The idea is to create an application with easily insert able modules. Each module we can imagine as series of a moves with custom logic. These modules are extended from template class. Each module is defined by the list of states.
Each state can be changed for one of the following triggers:

time trigger - wait some time to do next move
interesting frame trigger - when movement from the camera is detected
command execution trigger - send broadcast from USB controller that move was executed
So the application would have all the logic for each task, separated in custom module. For example the module for picking up the object can have the following states:

start (interesting frame trigger)
pick up object (time trigger)
move object (time trigger)
release object and return to default position (time trigger)
verify if object was moved (wait if the last move is executed - command execution trigger)

First testing

Small issue that I came across writing with c++ openCV was, that you can not show an image from the background thread, only main thread can call imgshow() method. So I used singleton instance that keeps images and main thread afterwards shows the image.

One of the open problems is detecting the object's height. It's not possible to detect object's height from a single camera. There could be used some sensor at the end of arm or other approach.

Even though, the first tests for picking up the object were successful, more calibration is required. After this calibration there could be used learning for the best object's spot for successful picking. Also the claws should enclose the object hard enough not to slip.


Tuesday, January 10, 2017

Counting dice and train wagons using computer vision

Computer vision exercises with preprocessing

Before the next project I decided to do some computer vision exercises. Each example is based on a simple logic image preprocessing. No data structure or learning is required.


I got this idea while browsing the net. I was curious about how hard can it be to write such a script. I'll describe the algorithm in steps.

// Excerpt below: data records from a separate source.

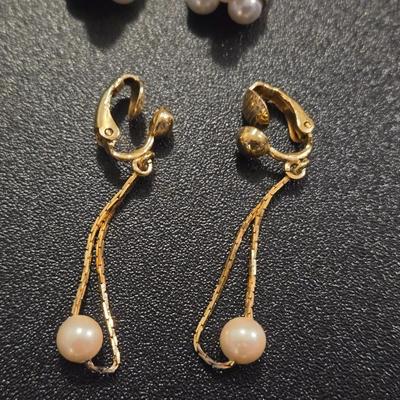 (4) Clip On Earrings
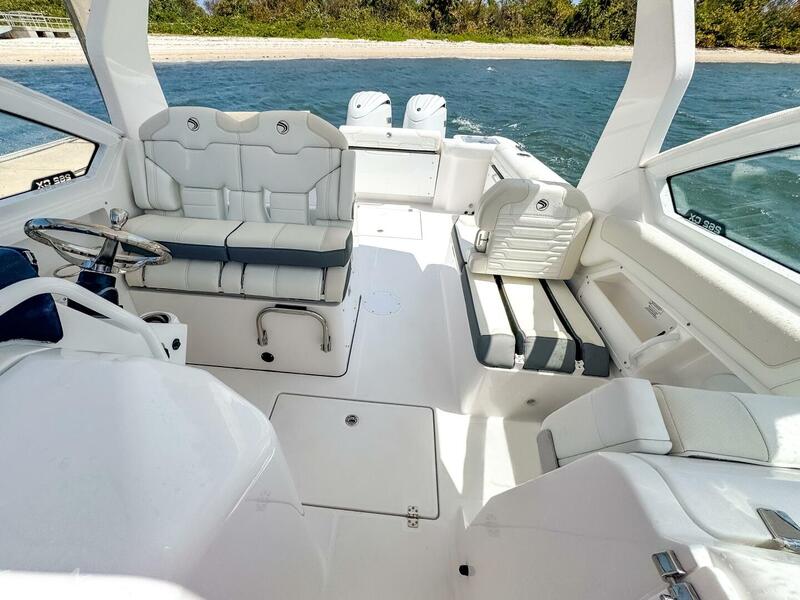  Edgewater 262CX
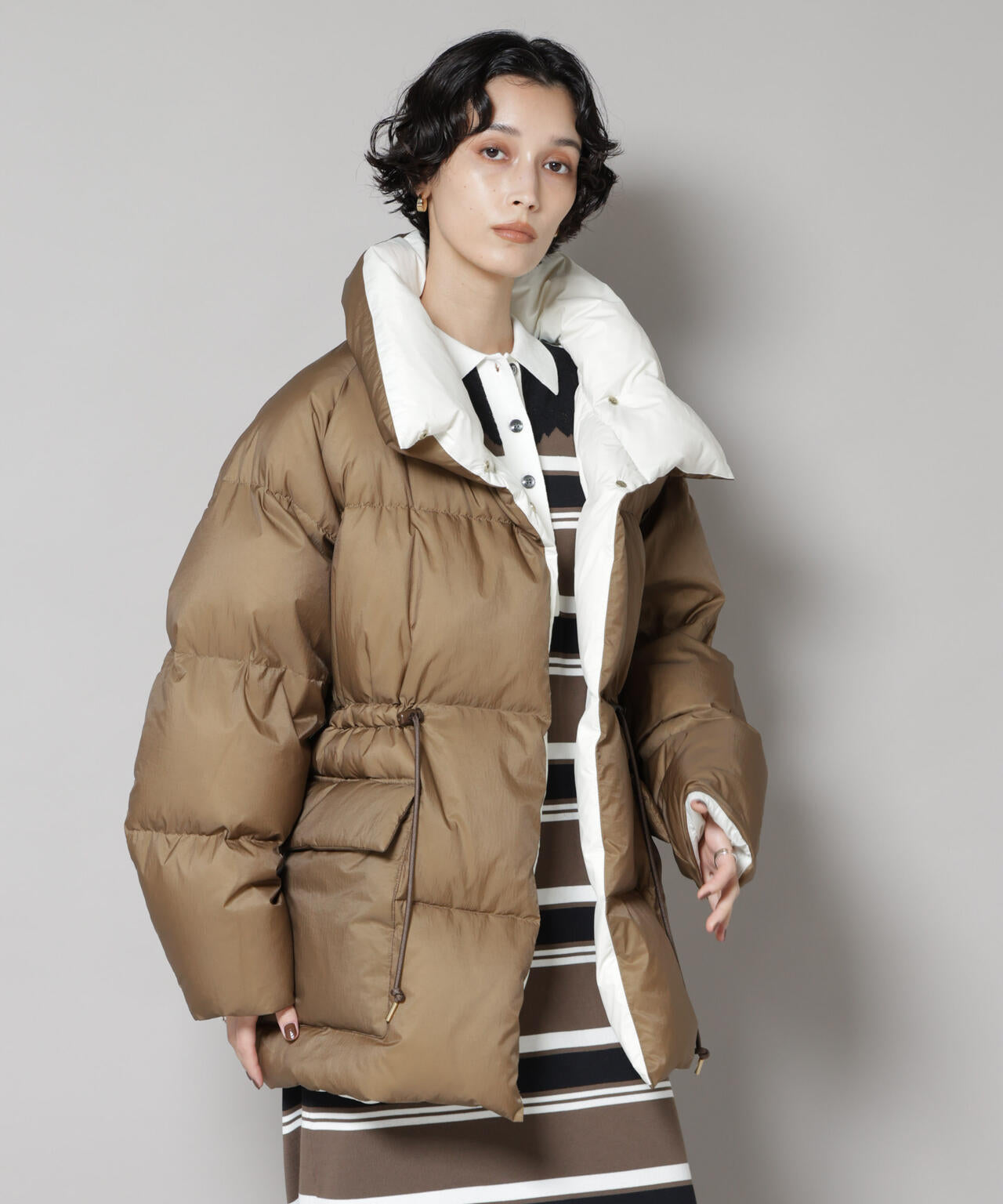 「西川ダウン(R)」バイカラーボリュームダウン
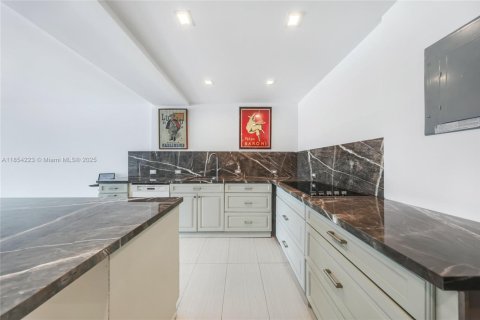 Condominio en alquiler en Miami Beach, Florida, 2 dormitorios, 116.78 m2 № 1872131 - foto 2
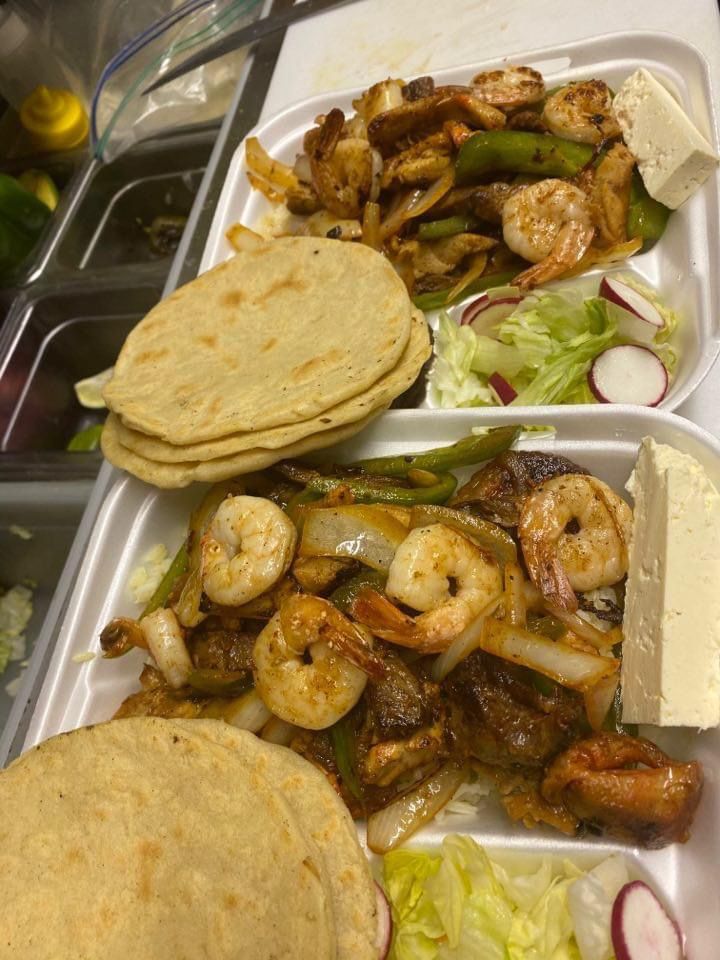 Pupuseria Emily | restaurant | 6639 Castor Ave, Philadelphia, PA 19149, USA | 3472591785 OR +1 347-259-1785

  1. movement detection: Comparing few frames with thresholds gives us the information, whether something is moving in the frame. Adding some small time frame after the movement stops gives us more precise information.
  2. remove background: Thresholding gray frame removes the background and gives us binary image with objects
  3. cropping the objects: Using contours to detect object and then separate them by cropping.
  4. detecting dots: Inverting the image we get objects that can be again simply detected using contours.
  5. filtering dots: If dice is visible also from the side therefore dots from that side can be recognized as well. But we can simply filter these dots by comparing side ratio from their bounding boxes.
  6. result: Count the recognized dots and do some visualization to output frame.

The results are quite good. More testing with different dice and different background should be the next step.

Train Wagon counter

Everyone is doing car counter on highways. But you can't find any for counting train wagons. For the next exercise i chose static video of a train from youtube. Again, I'll briefly describe the algorithm in steps.

  1. compare frame with background: Comparing every new frame to a background frame. By background I mean the frame without train. We get a first binary frame.
  2. compare last two frames: Comparing two continuously frames we got an actual movement. We get another binary frame.
  3. combine binary frames: Combining these frames with OR condition.
  4. morphological operation: Use morph opening to remove the noise.
  5. fill in the holes: Detecting areas using contours and detect if they are all filled.
  6. select the area: The idea was to choose an area in a frame where we can clearly see the background in-between wagons. For this video we've chosen the right edge of the image.
  7. signal processing: Now we're facing a new problem. We're finding local minimum in a signal function. Adding some thresholds and limitations for repetition we can get the local minimum.
  8. result: Count the wagons from filtering function and do some visualization to see when and where the local minimum is detected.

This approach is very limited and works only in a good light conditions and wagons should be the same type and color. Next steps should be using colors, shapes or more wagon details to be more accurate.